That reminded me of something that happened to me a few years back. I was driving just at the limit when a local cop pulled in behind me for about five minutes, ran my plates, and then pulled me over. Unbeknownst to me, I had a bench warrant for an unpaid ticket. When I asked the officer why he ran my plate, he answered with refreshing honesty “Because I had nothing better to do”.

This is a basic principle of law, in that public information can be used for any purpose not specifically prohibited by law; and that includes vehicle registration, driving records, birth, death, and marriage records, certain tax and travel records… I could go on.

So what they are doing is in no way illegal, or unconstitutional. The question is, SHOULD IT BE specifically prohibited by law?

Honestly, with the current regulatory regime we live under in our society, this is a prefectly justifiable and correct use of information.

But there is no question that it makes us less free; and that, by it’s nature is evil.

The only way to rationally address this is to make these records non-public information. Either through the elimination of the records entirely (an unlikely, and in some ways unwise thing), or by the re-classification of many public records, as private.

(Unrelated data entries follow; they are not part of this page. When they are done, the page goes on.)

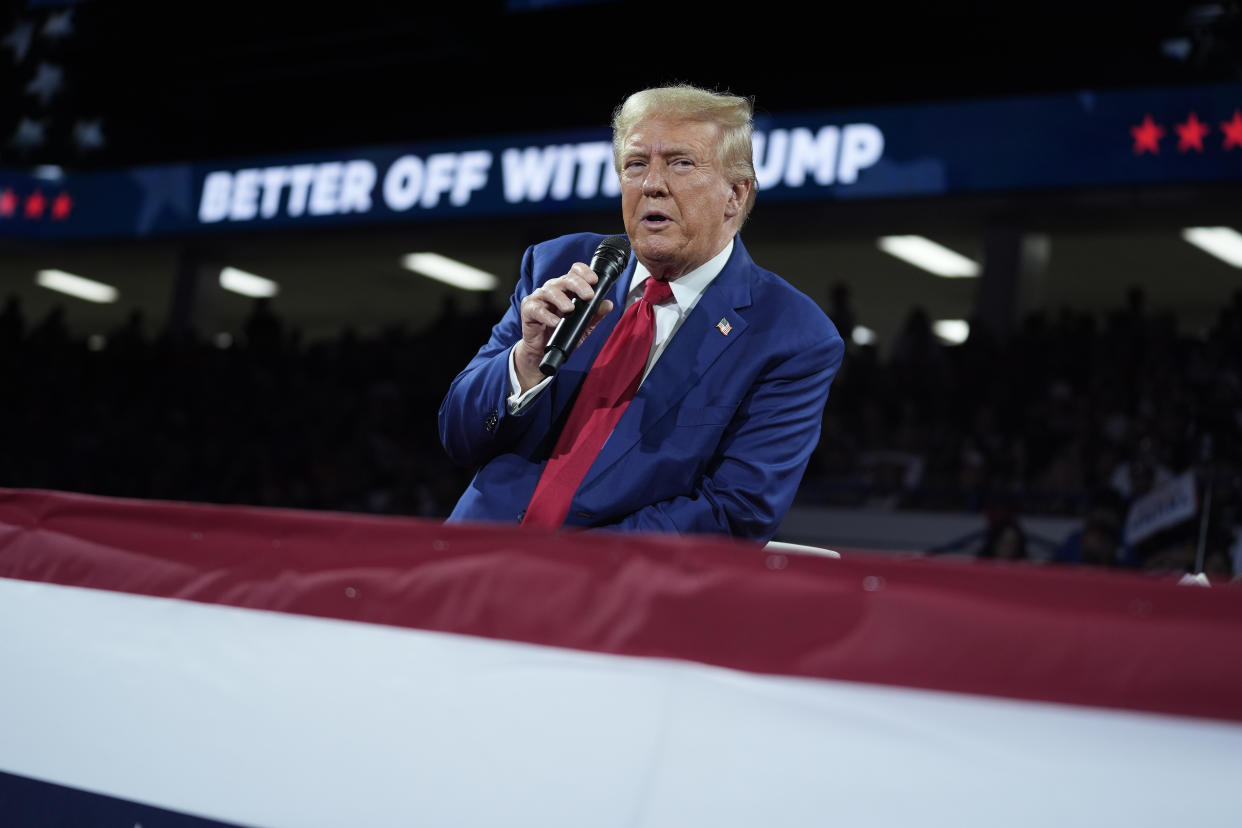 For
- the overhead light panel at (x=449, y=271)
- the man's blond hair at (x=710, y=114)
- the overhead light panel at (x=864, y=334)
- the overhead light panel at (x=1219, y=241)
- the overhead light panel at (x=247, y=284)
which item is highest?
the overhead light panel at (x=1219, y=241)

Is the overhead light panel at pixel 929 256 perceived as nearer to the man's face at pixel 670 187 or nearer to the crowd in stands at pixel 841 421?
the crowd in stands at pixel 841 421

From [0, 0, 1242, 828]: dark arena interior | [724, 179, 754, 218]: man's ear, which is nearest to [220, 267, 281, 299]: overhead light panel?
[0, 0, 1242, 828]: dark arena interior

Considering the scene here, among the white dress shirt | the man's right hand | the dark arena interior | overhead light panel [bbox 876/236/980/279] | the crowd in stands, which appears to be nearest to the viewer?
the man's right hand

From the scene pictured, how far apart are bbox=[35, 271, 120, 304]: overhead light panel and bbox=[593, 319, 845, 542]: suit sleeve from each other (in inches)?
475

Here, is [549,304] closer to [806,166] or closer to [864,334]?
[806,166]

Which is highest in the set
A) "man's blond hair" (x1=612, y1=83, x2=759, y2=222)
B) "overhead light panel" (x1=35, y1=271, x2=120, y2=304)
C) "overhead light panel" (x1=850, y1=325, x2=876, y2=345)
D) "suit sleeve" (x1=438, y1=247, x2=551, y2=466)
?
"overhead light panel" (x1=850, y1=325, x2=876, y2=345)

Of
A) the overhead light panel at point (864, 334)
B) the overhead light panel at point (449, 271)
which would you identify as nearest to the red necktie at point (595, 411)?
the overhead light panel at point (449, 271)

I see no reason why my driving records, vehicle registrations, accident record, or any number of other records as I describe above SHOULD be public records; except as an instrument of governmental control. Perhaps all of these, and any other record the government keeps on us, whatever few those can be reduced to in a practical society (and that’s another issue altogether), should be treated as is our PHI/PCI (Private Healthcare Information/ Private and Confidential Information) wherein the use of the records must at all times require either a court order, or the consent of the subject or legal custodian of those records.

It would of course complicate matters greatly as regards law enforcement, but in the presence of a pervasive computing environment (which is not far off), it could certainly be technically possible.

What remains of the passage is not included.